JEUDI 7 DÉCEMBRE 2006 - SÉANCE DE L'APRÈS-MIDI

(Suite)

Questions orales

Question orale de M. Pierre Galand au vice-premier ministre et ministre des Finances sur «la conditionnalité du régime des intérêts notionnels à des garanties sur l'emploi au vu de ce qui se passe chez VW-Forest» (nº 3-1313)

M. Pierre Galand (PS). - En 1982, le gouvernement belge a créé le régime fiscal des centres de coordination au nom de la création d'emplois. Environ 200 multinationales profitent en Belgique de ce système depuis plus de vingt ans. VW fait partie des bénéficiaires : dès 1986, elle a établi le Coordination Centre Volkswagen à Bruxelles. Ces cinq dernières années, ce centre a payé un taux d'impôt moyen de 0,11% alors que l'impôt sur les entreprises s'élève actuellement en Belgique à 33%.

Grâce à son centre de coordination, VW aurait donc bénéficié ces vingt dernières années d'un cadeau fiscal qui pourrait s'élever à 706 millions d'euros. Par an, le cadeau atteint en moyenne 35 millions d'euros, ce qui représente à peu près ce que l'ensemble des travailleurs de VW-Forest payent eux-mêmes comme impôt sur leur salaire.
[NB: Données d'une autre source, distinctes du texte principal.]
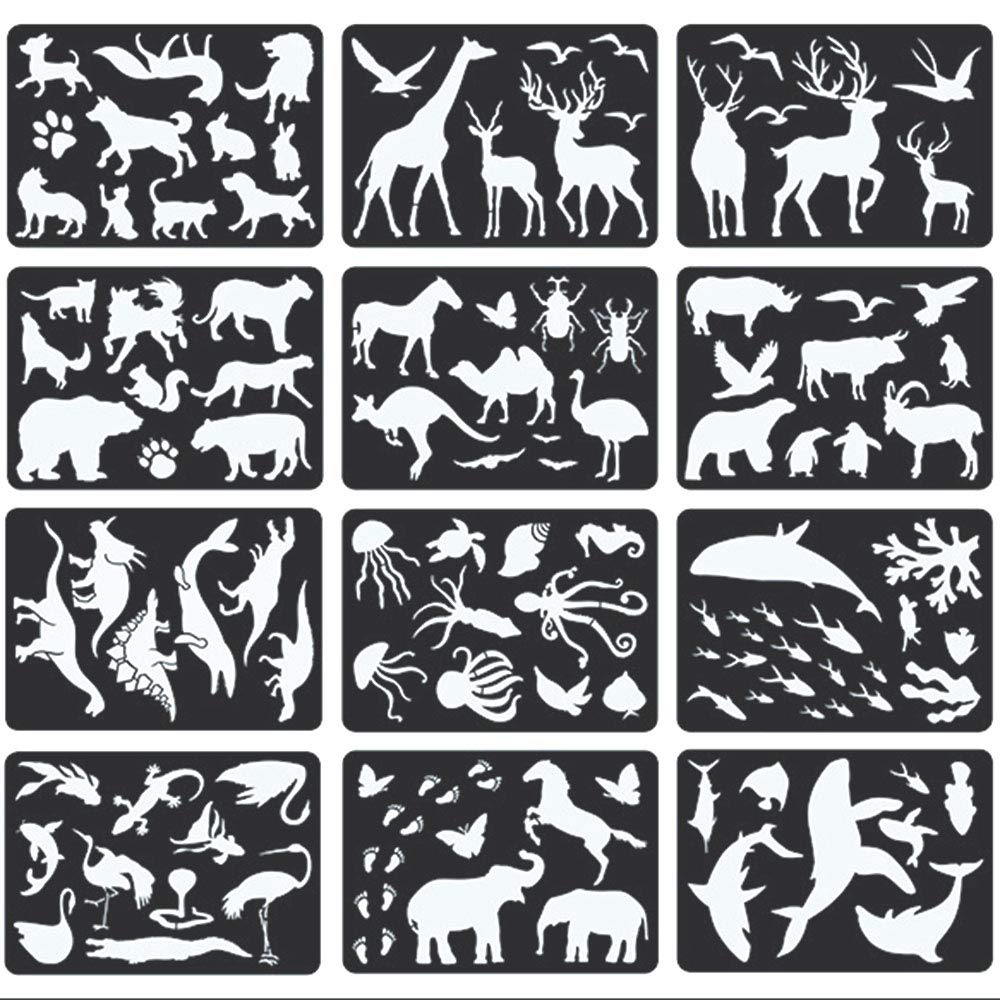 [Australia - AusPower] - 12PCS Animal Plastic Stencils Reusable Journaling Drawing Template for Children Creation, Painting Education, School Projects, Scrapbooking, Kids DIY Crafts 
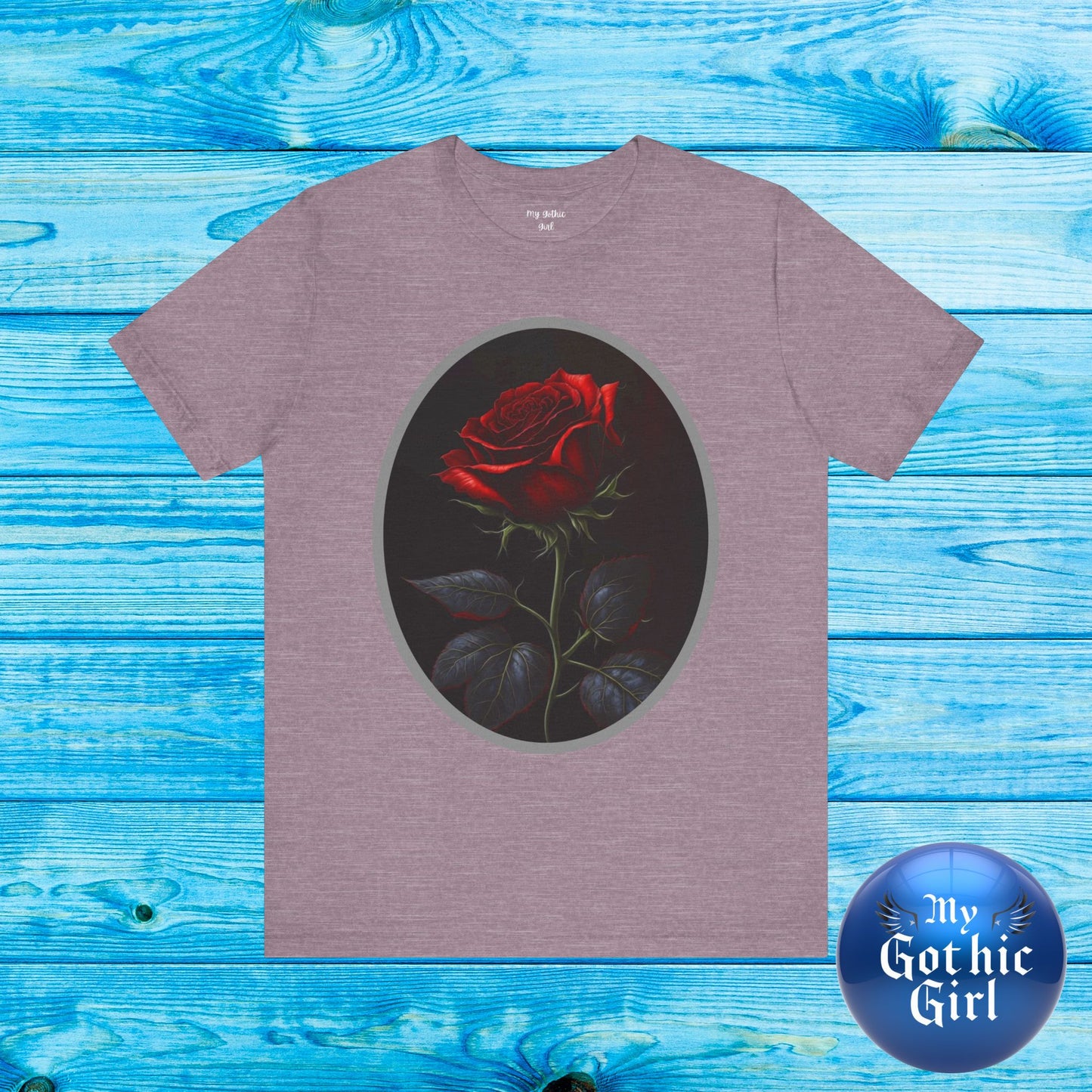 My Gothic Girl T-Shirts for Women & Men "Linda's Red Rose" Dark Aesthetic & Alternative Tees – My Gothic Girl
L'Europe ayant condamné ce régime préférentiel, les avantages accordés auparavant aux centres de coordination sont désormais remplacés par le régime des intérêts notionnels, un régime de déduction fiscale d'intérêts fictifs, qui est d'application sur les bénéfices 2006 et suivants.

En 2005, le Coordination Centre Volkswagen a été absorbé par un autre centre de coordination du groupe, le Volkswagen Group Services SCS qui, lui, gardera son régime fiscal préférentiel jusqu'en 2010.

Au regard des éléments présentés, permettez-moi, monsieur le ministre, de vous poser deux questions.

Trouvez-vous normal qu'une entreprise qui licencie des travailleurs à seule fin d'améliorer la profitabilité des revenus de ses actionnaires puisse bénéficier d'un régime aussi exorbitant que celui des intérêts notionnels ?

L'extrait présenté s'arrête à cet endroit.